Steam balloons

The brothers Montgolfier invented the hot air balloon upon the observation that smoke rises, and thus they figured that if they could catch it in a bag, the bag would be pulled upward.

Hot air ballooning is quite popular today; people think of balloons as being quaint and pretty and natural, or at least more natural than airplanes.

Actually, a modern hot-air balloon uses more fuel than an airplane does to fly the same payload for the same time. The reason, of course, is that hot air needs to be hot, but the balloon needs to be light, so that the material needs to be thin, which means in practice that heat is lost through the balloon, and needs to be regenerated by burning fuel.

With nanotech we could make a fabric of diamond sheets for strength, with vacuum for insulation, and thin metallic films (or graphene sheets) to reflect thermal radiation. That means that we could have a balloon that was much lighter than woven nylon, and yet enormously better insulated.

The air in a balloon may be typically heated to around 100C, making it 0.93 kg/m^3 (compared with 1.2 at 20C). Call it roughly 0.25 kg/m^3 lifting capacity.

But if we can insulate it, we could fill it with steam instead (at the same temperature). (Steam would condense on the walls of an uninsulated bag.) Steam at 100C has a density of 0.59, call it 0.6 kg lifting capacity. Since we aren’t losing heat (much), we could superheat it and get some extra lift, say a few 0.1kg/m^3, but there would likely be a tradeoff with insulation weight, energy rates to cover leakage, etc. Even without it, the balloon lifts its own weight, including the water in the steam (and probably 100 times that of just the balloon).

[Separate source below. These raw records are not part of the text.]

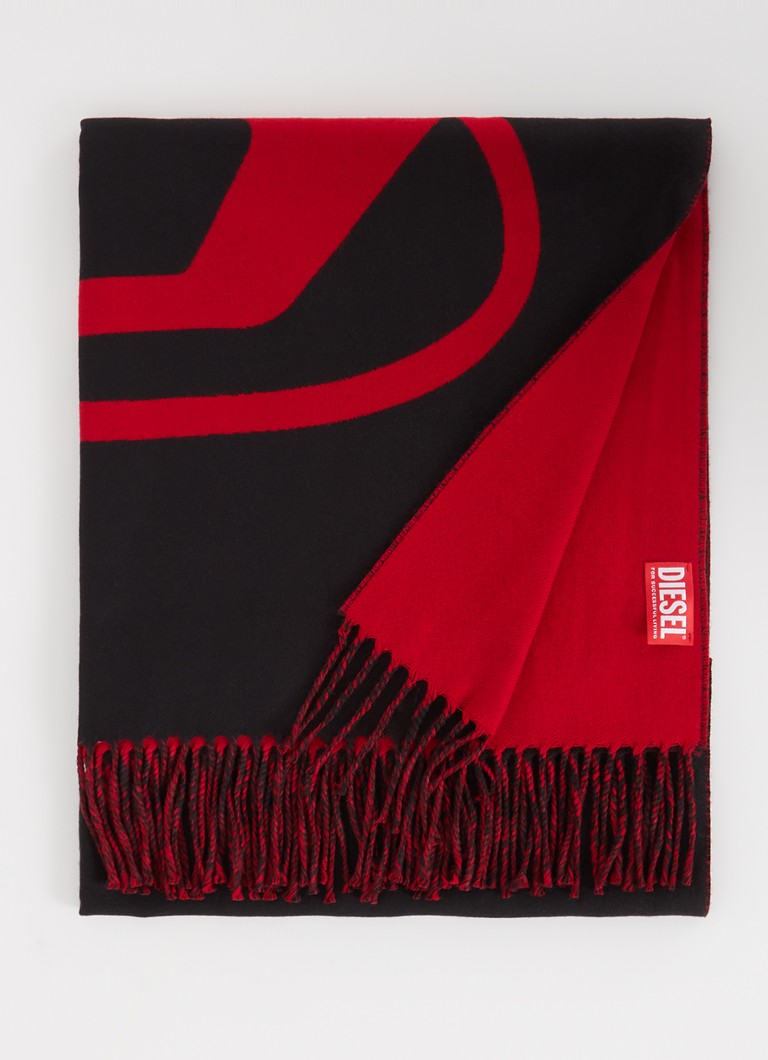 Diesel - S-Tevie sjaal in wolblend 185 x 65 cm  - Zwart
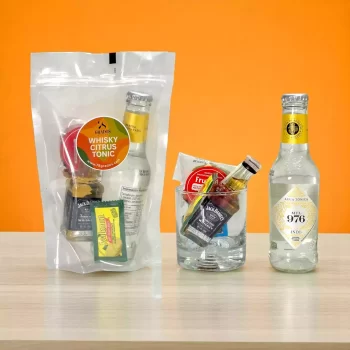 Whisky Citrus Tonic - Kit de Coctel con Jack Daniels (50mL) , Cocteles con soda de naranja, Whisky Tonic coctel, Kits de coctelería con whisky para preparar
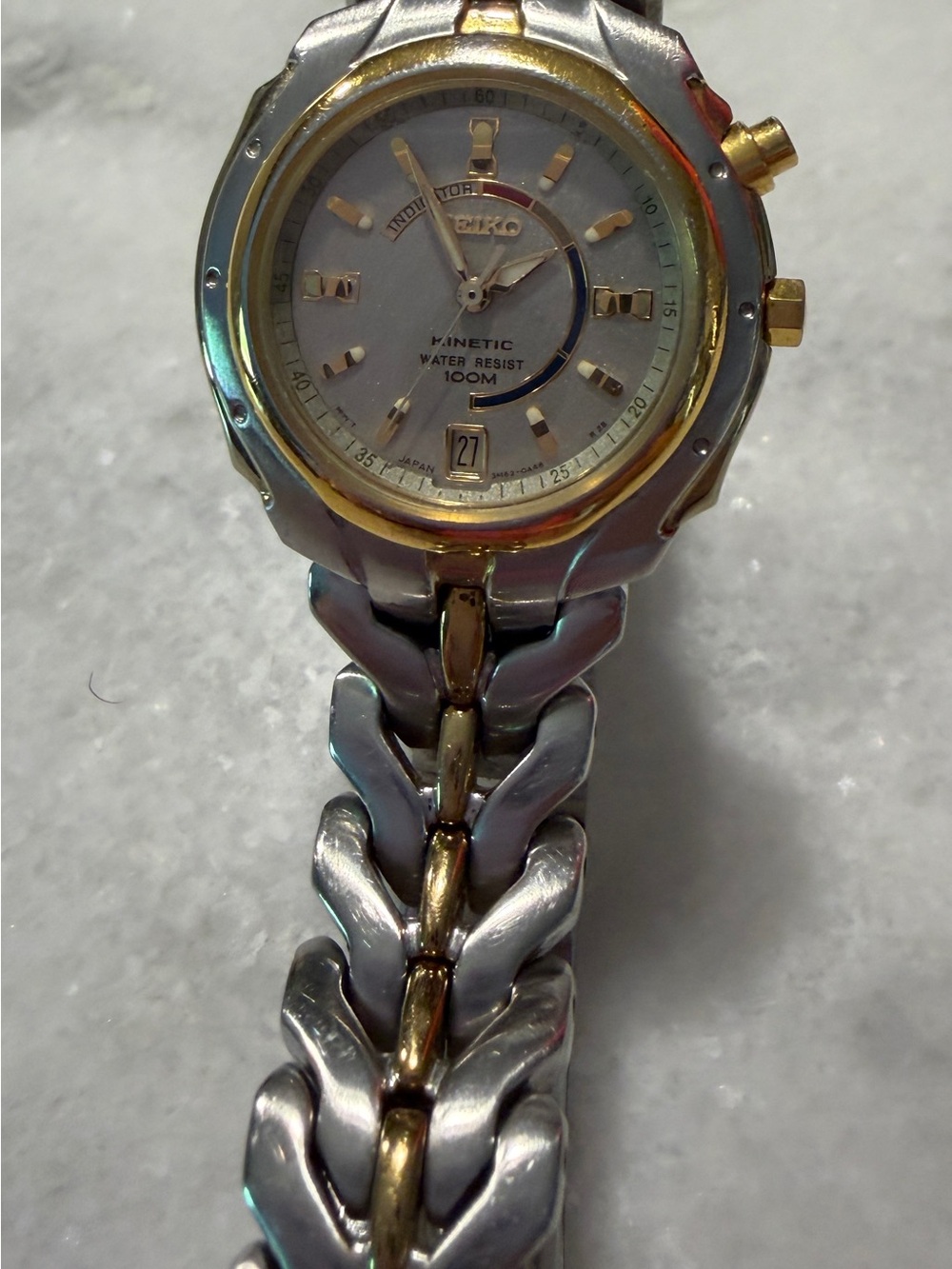 Seiko Two-Tone Silver and Gold Kinetic Bracelet Watch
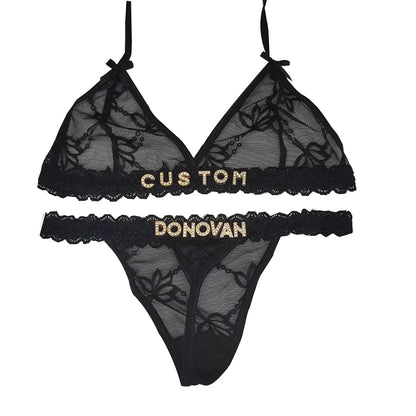 Feisty Custom Name Lingerie Lace Set, Bra & Thong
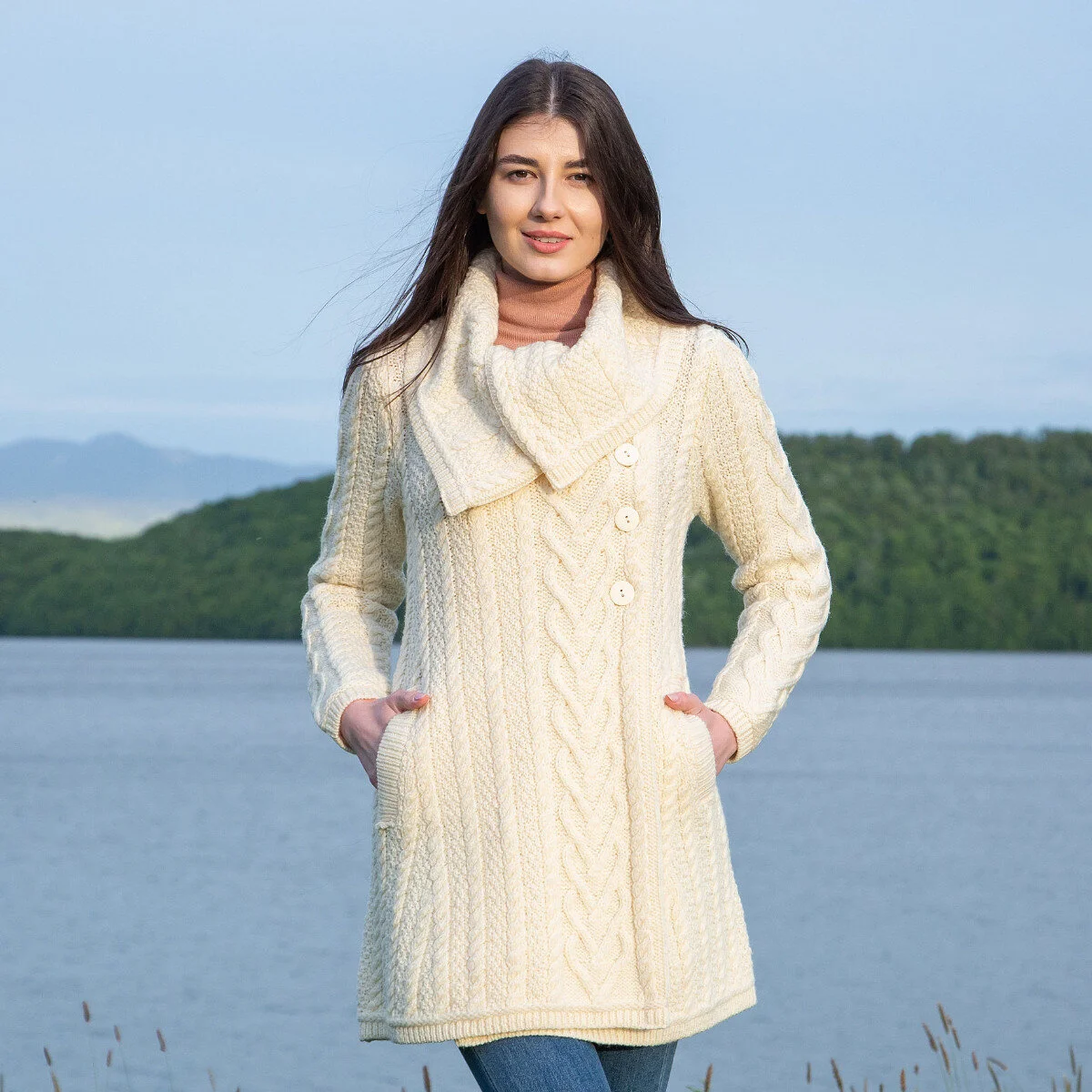 Classic Irish Merino Wool Cable Knit Coat – Made in Ireland - Image 5 | Lily's Pad Studio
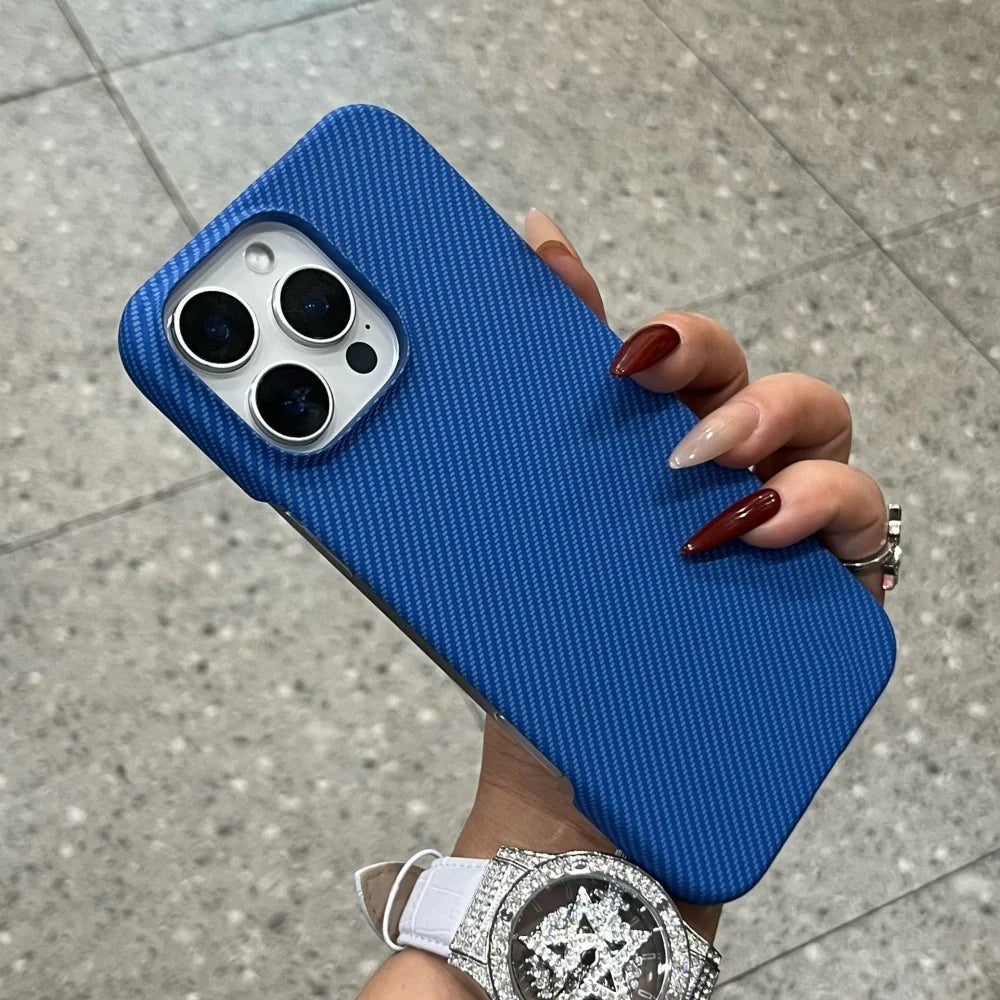 Funda rígida ultradelgada de PC para iPhone 17, Air 16, 15, 14, 13, 12 y 17 Pro Max Plus, con textura de fibra de carbono esmerilada y transpirable.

(Postscript: It’s occasionally assumed that diamond is strong enough to make air-buoyant vacuum-filled balloons. This doesn’t actually work. Hydrogen remains the champ, with a density of 0.09 kg/m^3, which is essentially negligible. But even so, a steam balloon would only have to have twice the volume of a hydrogen balloon with the same lift, as compared to 5 times for hot air.)